Greensboro News and Record. September 20, 2022.
Editorial: The ACC walks away
It wasn’t a question of whether, but when.
As expected, the Atlantic Coast Conference is leaving Greensboro for Charlotte, and (as if this wound needed more salt) will receive incentives from the state for moving from one North Carolina city to another.
The ACC’s presidents and chancellors had made it official with a Tuesday morning vote.
But from the beginning it was evident that, even though Greensboro is the birthplace of the ACC, the conference wanted to be somewhere else.
Though there were many logical and sentimental arguments for the league’s headquarters to remain in the place where it was founded 69 years ago, the moment the ACC announced that it was mulling its options, one foot already was out the door.
You don’t shop for a new house if you’re not in the market. When the conference hired a consultant to explore its options you could have revved the moving trucks.
The ACC wanted brighter lights and a bigger city.
To be fair, some practical considerations do favor Charlotte.
It has a passenger hub airport with more direct flights.
It is, by far, a home to more corporate headquarters.
And ESPN, the conference’s media partner, has studios there.
Yet, Greensboro leaders offered solid responses to all of those talking points, including a proposal for customized air travel.
And remember, this city’s pedigree as a college sports venue is beyond impressive.
The Greensboro Coliseum has hosted the men’s basketball tournament a record 28 times and the women’s 22 times, also a record.

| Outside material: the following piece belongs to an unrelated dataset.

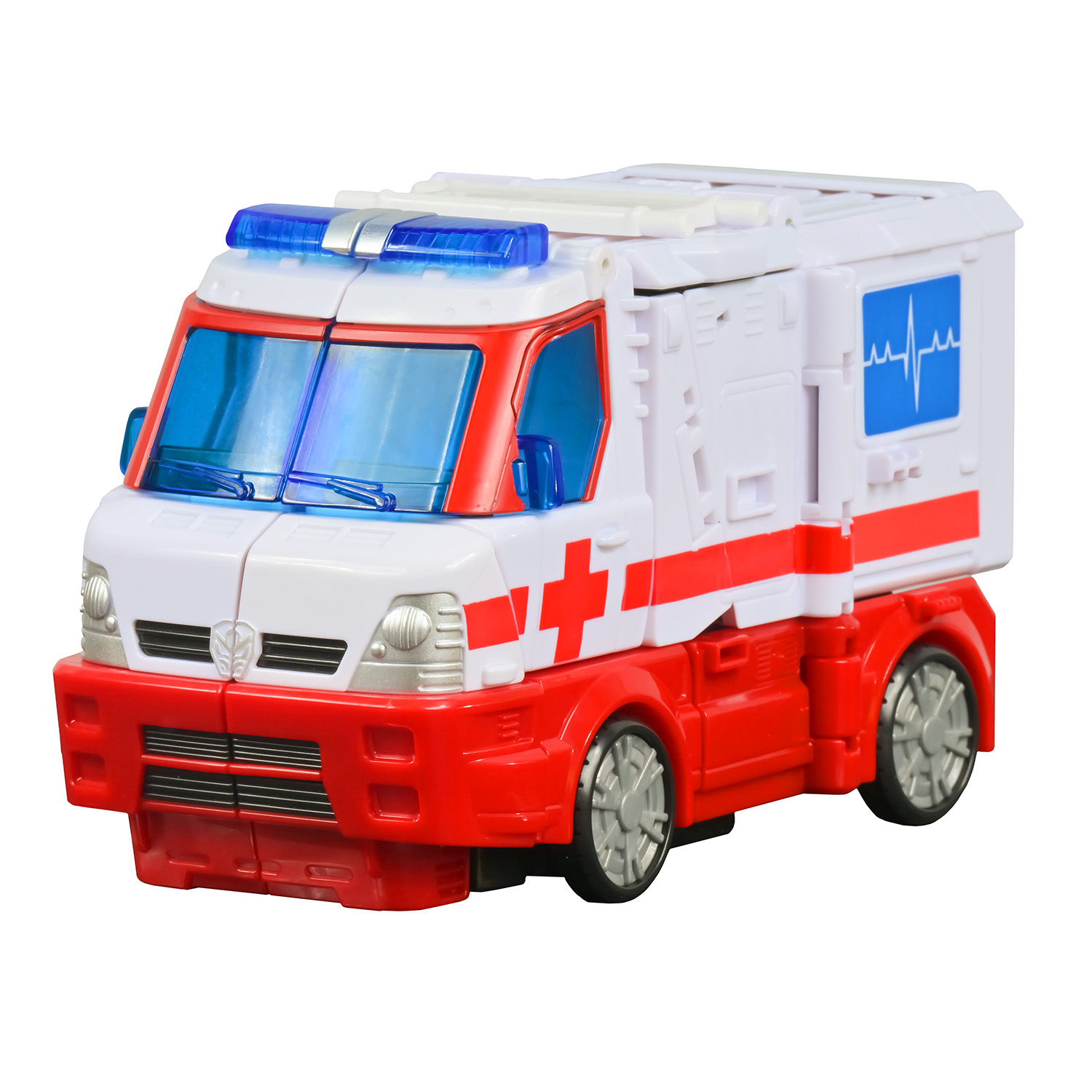 Игровой набор Hello Carbot Трансформер Medient 21 см S7 - фото 18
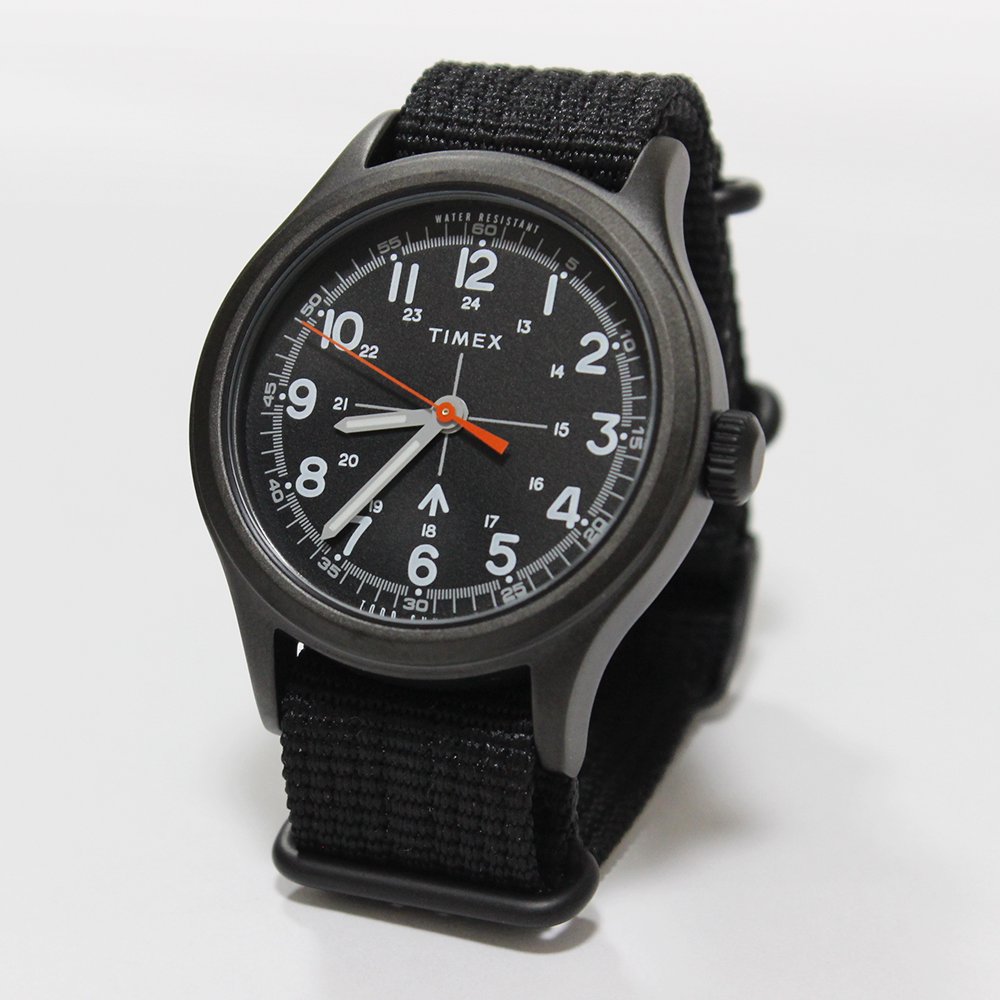 TIMEX × TODD SNYDER Camper Military Watch -All Black- ｜タイメックス × トッドスナイダー -  American Classics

From 1974 to 2012, it hosted 63 NCAA Division I men’s basketball tournament games, third-most of any venue in the nation.
Greensboro also has hosted ACC championships in Olympic sports such as swimming and golf.
As if any of this would have made any difference.
ACC Commissioner Jim Phillips all but placed his cards face-up on the table during an August interview with the Richmond Times-Dispatch when he said:
“Should (the conference headquarters) be aligned with media opportunities? Should it be aligned with Fortune 100, 200, 500 companies? Should it be aligned with corporate sponsorship opportunities? Should it be aligned with a city that could host championships or does host championships? …
“That’s what needs to be looked at. Are we leaving some money out there? Are we leaving some branding out there? Are we leaving some exposure out there?”
How are you supposed to react after reading that if you’re Greensboro?
Orlando, Fla., also was a suitor, but Charlotte, which has vied for the ACC headquarters before, always appeared to have the inside track.
As for those incentives, why not have a swig of castor oil to wash down the bitter pill?
Lawmakers have carved out $15 million for the ACC in the state budget if the league remains in the state for 15 additional years and, between now and 2034, holds at least four men’s basketball tournaments, two in Greensboro, four women’s basketball tournaments, four baseball tournaments and 20 other championship events in the state.
That’s good, we guess, for Greensboro, though the city already is the de facto home of the women’s basketball tournament and certainly hopes to play host to more than two men’s tournaments over the next 12 years.
Meanwhile, city taxpayers are, in essence, chipping in to reward the ACC for moving to Charlotte.
We could rationalize the loss. The ACC corporate presence here was small, only a few dozen employees.
But the prestige of that presence, and the ACC’s deep roots here, are no small considerations.
So, we congratulate the good people of Charlotte and wish them well. But that doesn’t mean we have to like this.
If that’s being a sore loser, so be it.
Greensboro is a city on the rise. These days it aims higher and expects more of itself.
In other words, being runner-up isn’t acceptable. And, frankly, we deserved better.
Incidentally, the Steven Tanger Center for the Performing Arts on Tuesday celebrated a stellar first year that featured more than 431,000 patrons, 221 events and 89 sellouts.
On Saturday, Toyota plans to announce “a new community investment initiative supporting workforce development” in the Triad and present the rendering of its new manufacturing plant at the Greensboro-Randolph Megasite.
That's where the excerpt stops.